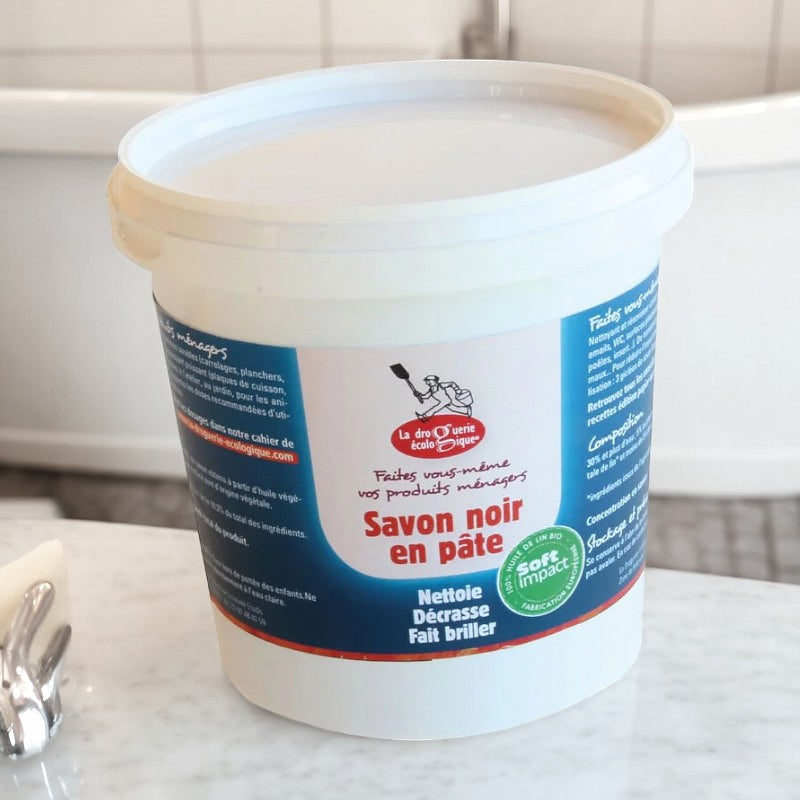 Savon noir en pâte huile de tournesol BIO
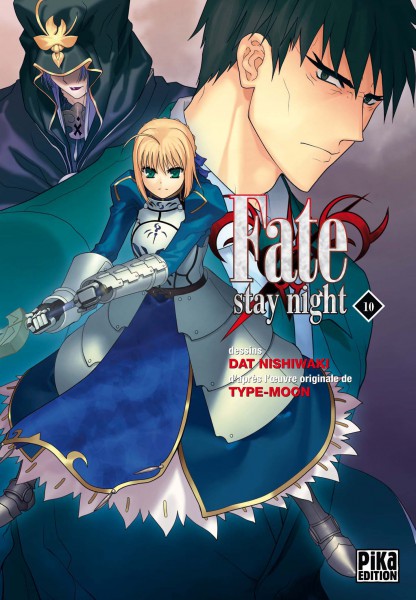 Fate Stay Night Vol.10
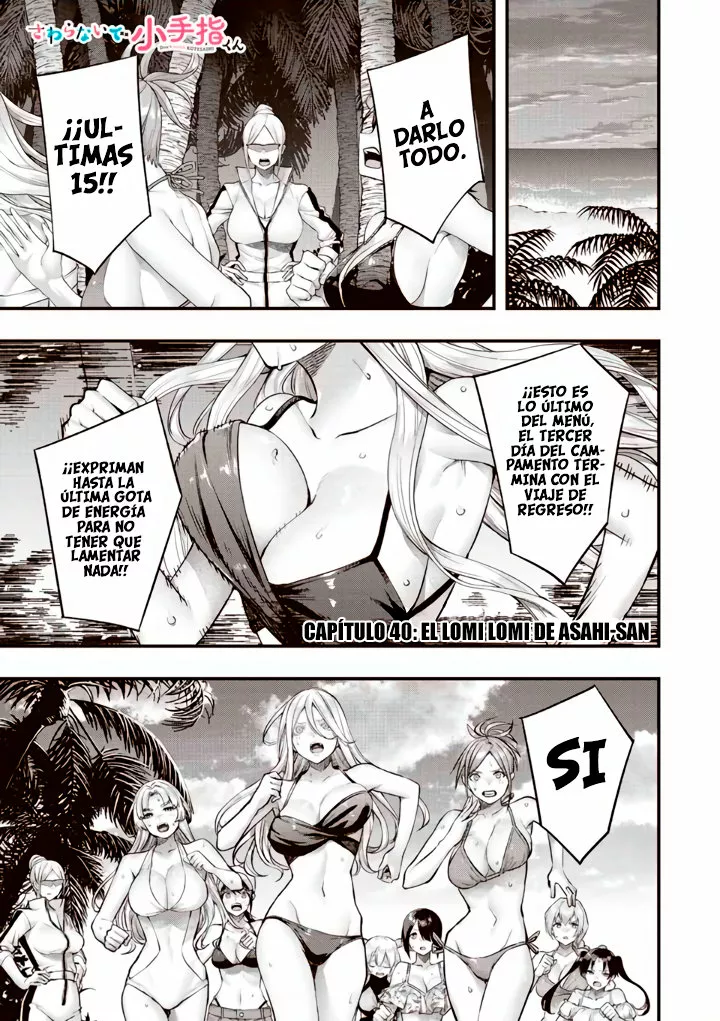 Sawaranaide Kotesashi-kun Capítulo 40 - Página 2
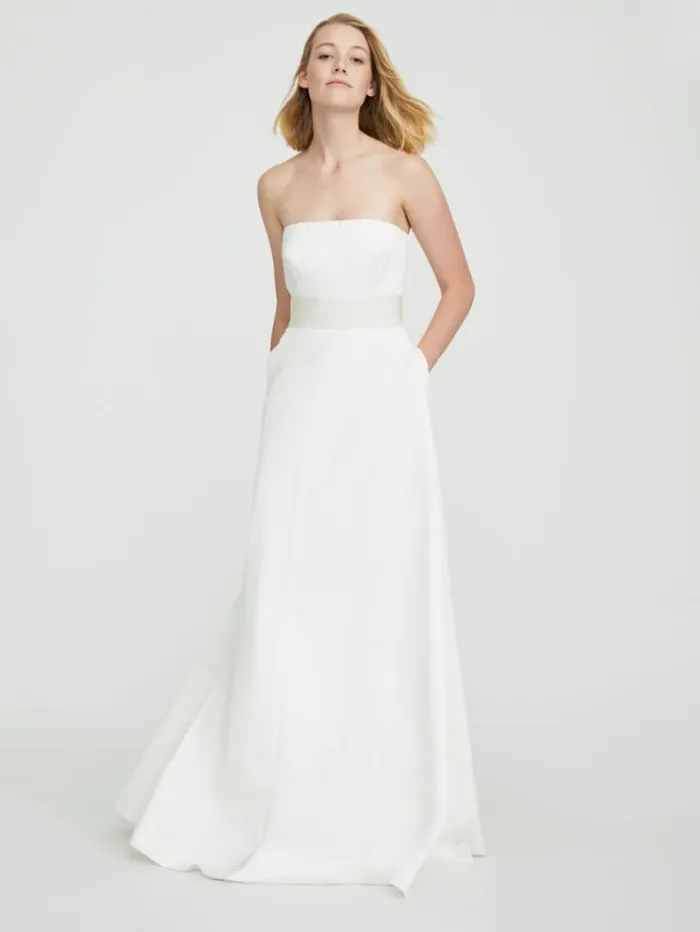 Woman Radzmir Dress White Maxmara Bridal Clothing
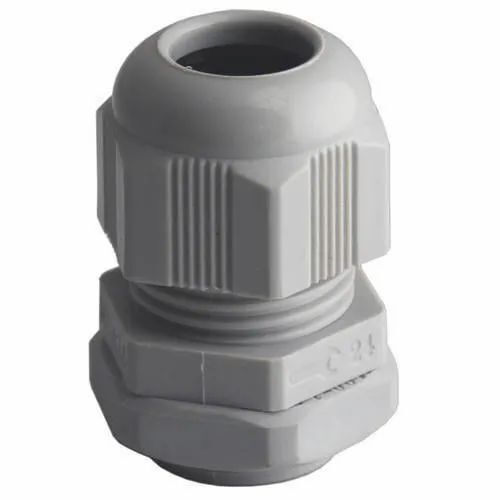 Grey Nylon Cable Gland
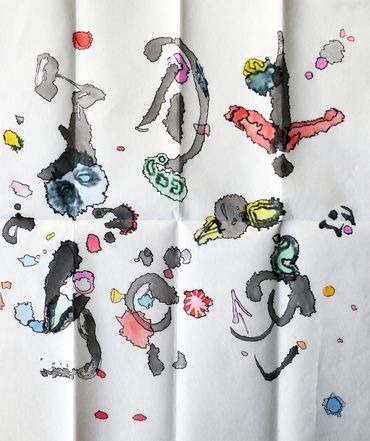 # SF014 – Untitled
19” x 17”
Paper Serviette
$350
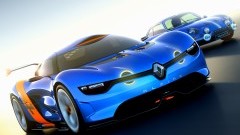 Renault en Caterham bouwen nieuwe Alpine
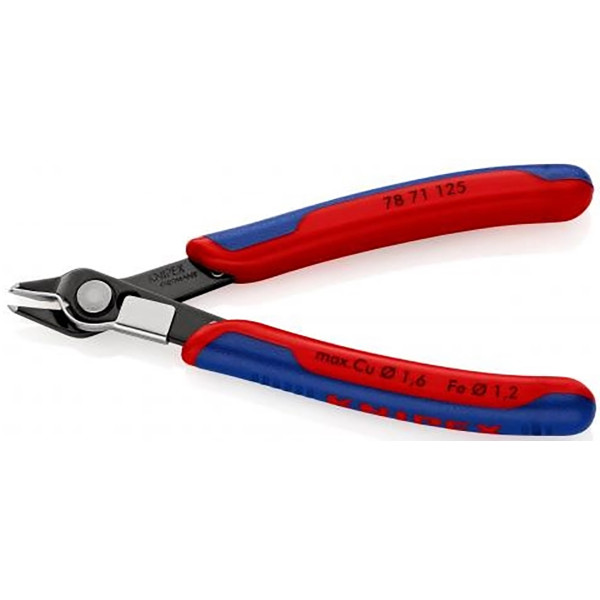 Фото - Кусачки KNIPEX Electronic Super Knips (78 71 125)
----
**What the exercise asks**. Output an exact copy of the lines from the one with "Sawaranaide Kotesashi-kun Capítulo" through the closing line of the records, inclusive, without any images.

**Your response**.
 Sawaranaide Kotesashi-kun Capítulo 40 - Página 2
 Woman Radzmir Dress White Maxmara Bridal Clothing
 Grey Nylon Cable Gland
 # SF014 – Untitled
19” x 17”
Paper Serviette
$350
 Renault en Caterham bouwen nieuwe Alpine
 Фото - Кусачки KNIPEX Electronic Super Knips (78 71 125)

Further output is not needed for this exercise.